The Swedish krona posted its best month in more than a decade, as improving risk appetite and the central bank’s pledge to stay open to more rate hikes fueled a world-beating rally.
It’s a sharp rebound for a currency that’s been under heavy pressure for most of this year from Sweden’s economic slowdown and real estate implosion. Just over two months ago, the krona plumbed a lifetime low against the euro and was at the weakest for this year versus the greenback.
For November, the currency surged more than 6% against the dollar, the most for a month since September 2010. It strengthened over 3% versus the euro, the best gain since July 2012. The krona was the best performer among the world’s 16 major currencies tracked by Bloomberg.
The rebound comes as the Riksbank’s vowed to deliver another rate hike if necessary, contrasting with major central banks including the Federal Reserve and the European Central Bank that are expected to cut interest rates by more than one percentage point next year.

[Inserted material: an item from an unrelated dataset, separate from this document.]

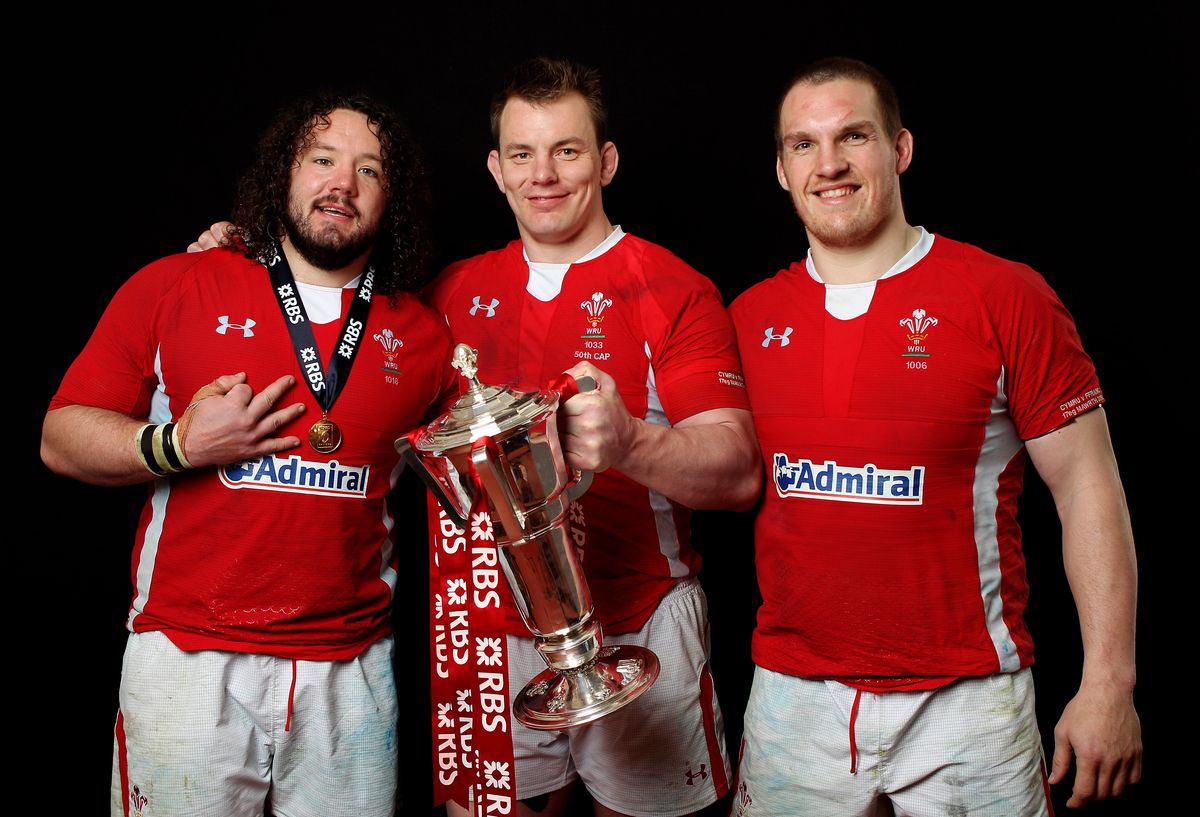 The famous Wales front row of Adam Jones, Matthew Rees and Gethin Jenkins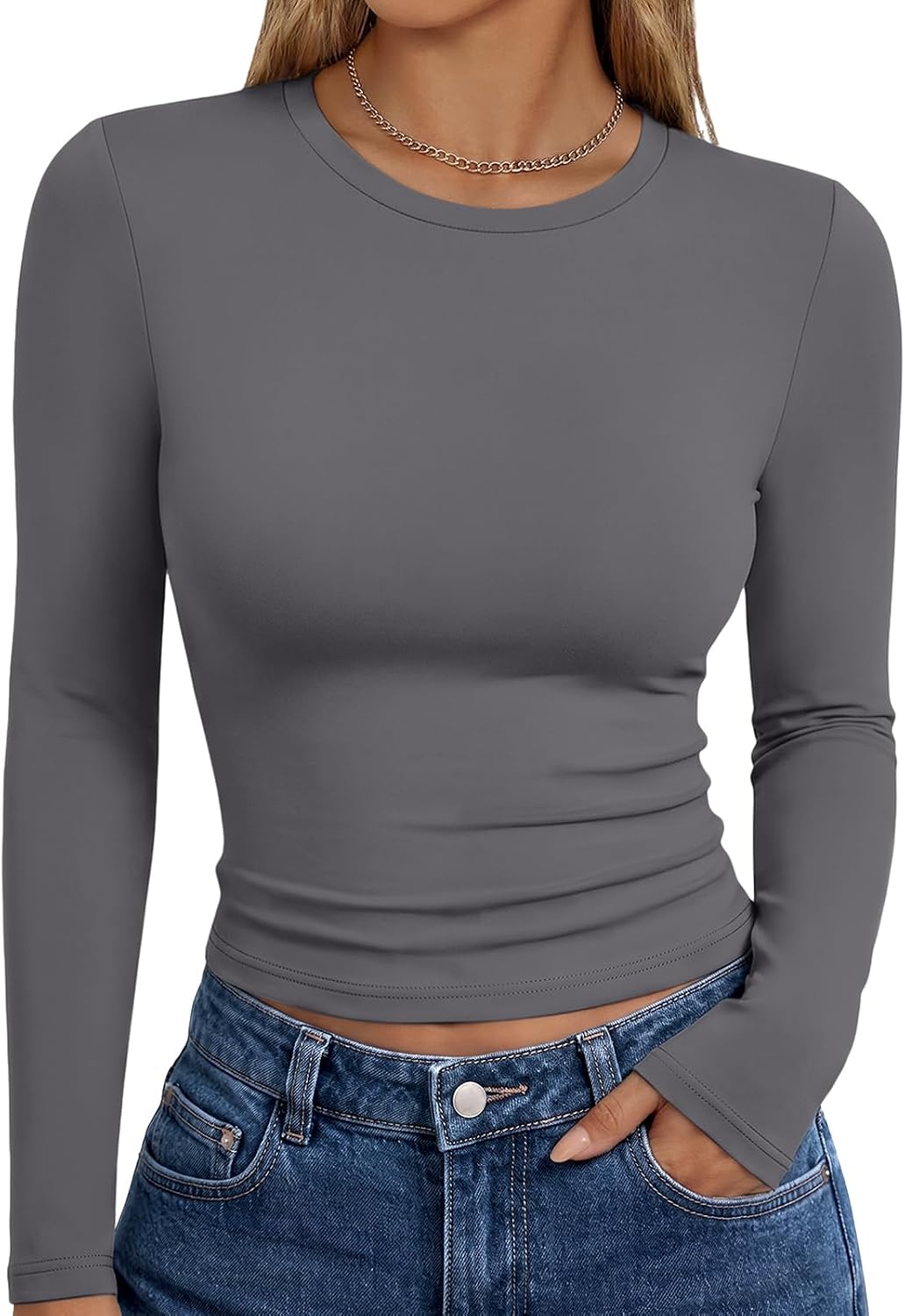 Trendy Queen women's long sleeve T-shirt with fall fashion Y2K style, basic casual top featuring a comfortable fit.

Peter Kinsella, global head of FX strategy at Union Bancaire Privee, said concerns about the Riksbank’s communication, and Sweden’s “nasty combination of inflation and slowing growth” had justified krona weakness, but these points of pressure are starting to ease, which opened the door for a correction.
But for many analysts and investors, the bulk of gains is now behind as Sweden’s macroeconomic fundamentals remain weak. The nation fell into recession in the third quarter, and the European Commission expects it will be the only member state to see its output decline next year.
The economic weakness, as well as turmoil in a real estate sector that is buckling under increased borrowing costs, has economists doubting how realistic it is that monetary authorities will follow through with another hike next year. Instead, most analysts expect the Riksbank’s next move to be a cut, which market pricing suggests could come as early as June.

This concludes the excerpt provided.